I have to agree with Parker on this one. While technology is great, I still relish time with an actual book. Much to any librarian’s chagrin, I have dog eared copies of my favorites on my shelves, mostly reference books that I connect with again and again.
Friday Parker’s Gam (my Mom) came over to spend the day. Being an only child, my Mom and I are pretty close. But as it is a huge pain to have to load up Parker’s giant oxygen concentrator to go to her house, she usually comes to ours. (I could just take several O2 bottles, but the tubing would be SO much shorter and Parker would have no freedom of movement….and he LOVES to move all over his Gam’s house. heh.)

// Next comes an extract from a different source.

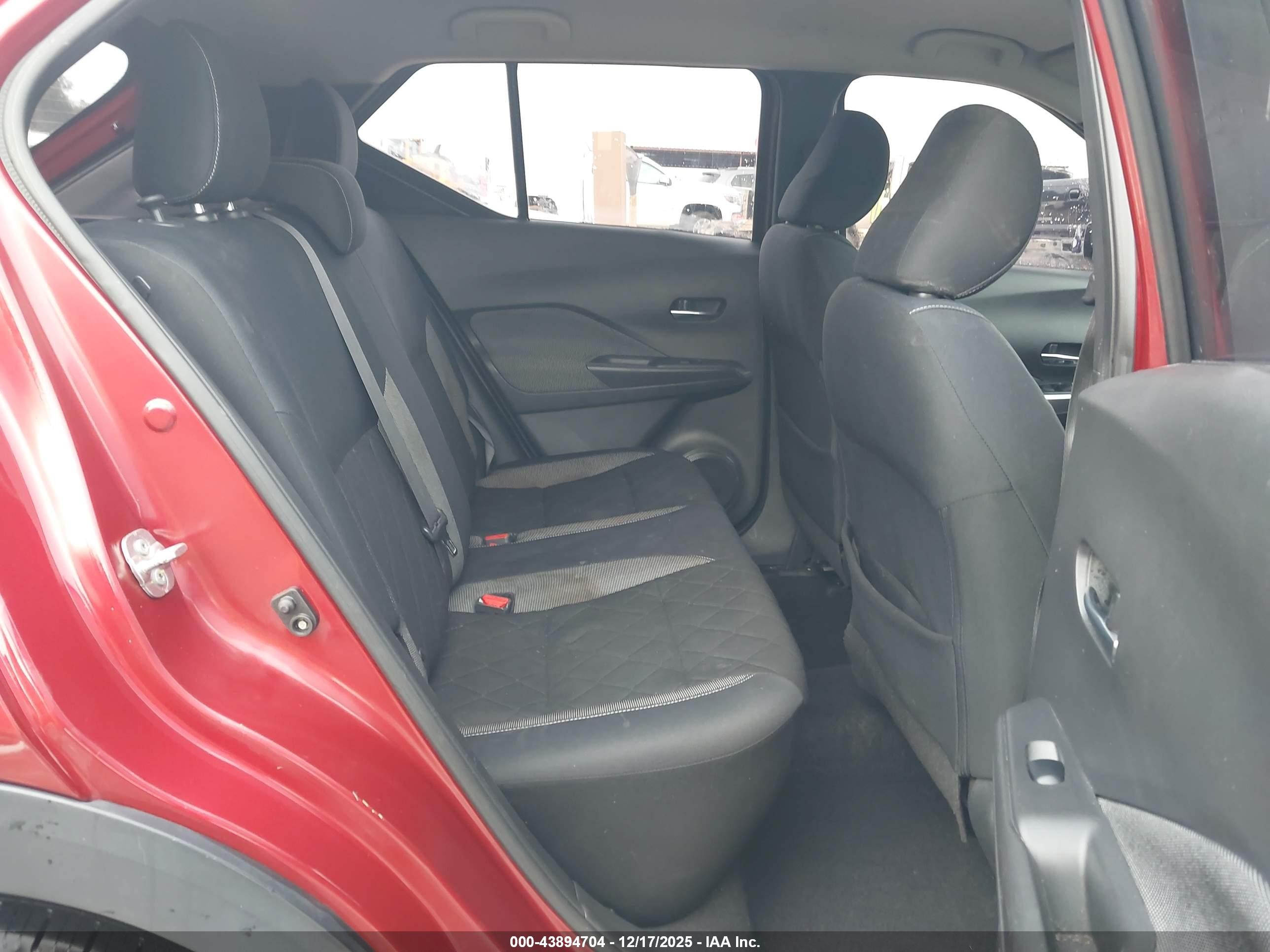 2018 Nissan Kicks Sv Red vin: 3N1CP5CU0JL525071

I remember telling my Mom that I knew Parker would be born with Down syndrome. She didn’t blink an eye. It made no difference to her. We’ll love him just the same as your others, she said. You’ll have to work harder with him because his future will depend on how well you prepare him while he’s little.

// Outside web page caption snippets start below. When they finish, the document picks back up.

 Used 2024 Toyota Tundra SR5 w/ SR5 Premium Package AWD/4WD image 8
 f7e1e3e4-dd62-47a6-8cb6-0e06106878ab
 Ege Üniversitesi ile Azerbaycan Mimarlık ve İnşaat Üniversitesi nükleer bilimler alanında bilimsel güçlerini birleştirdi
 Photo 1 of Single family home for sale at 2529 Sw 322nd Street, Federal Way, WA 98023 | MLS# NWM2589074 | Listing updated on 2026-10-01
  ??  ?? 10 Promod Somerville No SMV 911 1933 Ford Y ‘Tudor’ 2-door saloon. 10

My Mom adores Parker and often teasingly says that Parker was really supposed to be hers. She spent many days up at PCMC with me as Parker circled the drain after different surgeries. I have no doubt that her great love for him is one of the things that helps to keep this littlest Hodson boy here with us.
When I get especially fearful about Parker’s future and that damn Pulmonary Hypertension, my Mom reminds me of the times she prays for Parker and in her mind she sees him as a man, still healthy, still strongly here on the earth. “His mission in life takes him far from his childhood, Tammy,” she reminds me.
Maybe that’s one of my Mom’s gifts to me. The ability to remove herself from my fear and share with me the message of the spirit: to have faith. To believe.